Problem requirements - Report the lines of the data below that contain the string "Page".

Material provided: Begin

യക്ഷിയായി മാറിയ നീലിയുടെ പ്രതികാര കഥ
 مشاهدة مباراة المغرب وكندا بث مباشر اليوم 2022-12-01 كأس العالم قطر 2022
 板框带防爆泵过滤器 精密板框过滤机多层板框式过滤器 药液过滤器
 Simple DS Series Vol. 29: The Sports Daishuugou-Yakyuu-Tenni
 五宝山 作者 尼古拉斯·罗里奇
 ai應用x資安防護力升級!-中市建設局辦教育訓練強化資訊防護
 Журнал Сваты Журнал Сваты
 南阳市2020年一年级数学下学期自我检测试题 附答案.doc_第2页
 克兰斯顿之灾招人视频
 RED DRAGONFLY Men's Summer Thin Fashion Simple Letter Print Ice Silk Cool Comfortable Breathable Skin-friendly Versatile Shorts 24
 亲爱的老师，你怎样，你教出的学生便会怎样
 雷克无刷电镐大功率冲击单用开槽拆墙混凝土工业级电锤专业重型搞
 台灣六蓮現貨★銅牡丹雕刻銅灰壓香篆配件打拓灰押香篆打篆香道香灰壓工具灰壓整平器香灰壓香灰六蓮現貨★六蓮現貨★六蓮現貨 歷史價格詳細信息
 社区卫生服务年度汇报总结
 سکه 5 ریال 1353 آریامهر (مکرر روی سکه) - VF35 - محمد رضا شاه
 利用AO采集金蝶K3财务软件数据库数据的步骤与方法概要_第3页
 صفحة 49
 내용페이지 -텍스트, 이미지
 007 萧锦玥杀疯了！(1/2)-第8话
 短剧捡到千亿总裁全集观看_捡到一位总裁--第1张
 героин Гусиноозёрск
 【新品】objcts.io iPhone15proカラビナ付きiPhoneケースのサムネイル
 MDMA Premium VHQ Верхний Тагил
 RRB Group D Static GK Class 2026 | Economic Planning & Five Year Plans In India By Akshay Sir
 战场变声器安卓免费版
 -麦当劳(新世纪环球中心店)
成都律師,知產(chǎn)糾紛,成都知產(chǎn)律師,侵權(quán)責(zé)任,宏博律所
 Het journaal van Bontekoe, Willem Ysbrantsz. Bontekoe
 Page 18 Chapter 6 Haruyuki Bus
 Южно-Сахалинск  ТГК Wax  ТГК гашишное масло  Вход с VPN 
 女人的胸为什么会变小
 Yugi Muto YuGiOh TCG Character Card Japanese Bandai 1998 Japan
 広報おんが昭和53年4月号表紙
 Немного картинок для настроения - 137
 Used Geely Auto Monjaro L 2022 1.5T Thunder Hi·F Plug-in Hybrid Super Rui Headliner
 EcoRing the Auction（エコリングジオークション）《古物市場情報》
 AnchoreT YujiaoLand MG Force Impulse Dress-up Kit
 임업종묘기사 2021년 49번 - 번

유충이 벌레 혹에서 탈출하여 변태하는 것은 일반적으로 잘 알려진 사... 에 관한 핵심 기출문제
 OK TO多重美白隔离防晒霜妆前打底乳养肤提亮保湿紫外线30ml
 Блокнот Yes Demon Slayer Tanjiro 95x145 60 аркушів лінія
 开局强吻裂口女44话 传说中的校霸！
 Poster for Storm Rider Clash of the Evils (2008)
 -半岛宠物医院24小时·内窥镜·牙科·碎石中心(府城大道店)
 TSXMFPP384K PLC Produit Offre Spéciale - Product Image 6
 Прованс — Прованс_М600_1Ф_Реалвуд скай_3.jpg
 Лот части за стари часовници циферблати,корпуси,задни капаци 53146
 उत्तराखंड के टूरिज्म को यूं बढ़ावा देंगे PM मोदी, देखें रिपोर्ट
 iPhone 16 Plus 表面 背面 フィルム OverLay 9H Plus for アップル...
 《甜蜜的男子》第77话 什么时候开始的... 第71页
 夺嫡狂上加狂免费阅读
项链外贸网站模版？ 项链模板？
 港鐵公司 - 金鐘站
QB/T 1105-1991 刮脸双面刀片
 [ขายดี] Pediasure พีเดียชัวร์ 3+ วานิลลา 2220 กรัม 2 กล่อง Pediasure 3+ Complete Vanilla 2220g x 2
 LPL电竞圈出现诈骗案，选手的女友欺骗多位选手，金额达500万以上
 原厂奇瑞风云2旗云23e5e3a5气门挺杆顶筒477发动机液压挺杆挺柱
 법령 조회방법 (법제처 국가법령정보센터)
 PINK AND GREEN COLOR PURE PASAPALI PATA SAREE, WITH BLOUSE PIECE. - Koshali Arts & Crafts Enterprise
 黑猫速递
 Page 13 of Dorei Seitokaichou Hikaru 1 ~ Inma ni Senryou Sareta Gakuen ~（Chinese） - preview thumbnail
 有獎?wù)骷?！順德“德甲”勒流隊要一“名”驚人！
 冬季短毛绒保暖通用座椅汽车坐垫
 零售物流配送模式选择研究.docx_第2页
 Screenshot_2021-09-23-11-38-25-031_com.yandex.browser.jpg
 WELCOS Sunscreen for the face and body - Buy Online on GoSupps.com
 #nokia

Material provided: End

Exercise result -
 Page 18 Chapter 6 Haruyuki Bus
 Page 13 of Dorei Seitokaichou Hikaru 1 ~ Inma ni Senryou Sareta Gakuen ~（Chinese） - preview thumbnail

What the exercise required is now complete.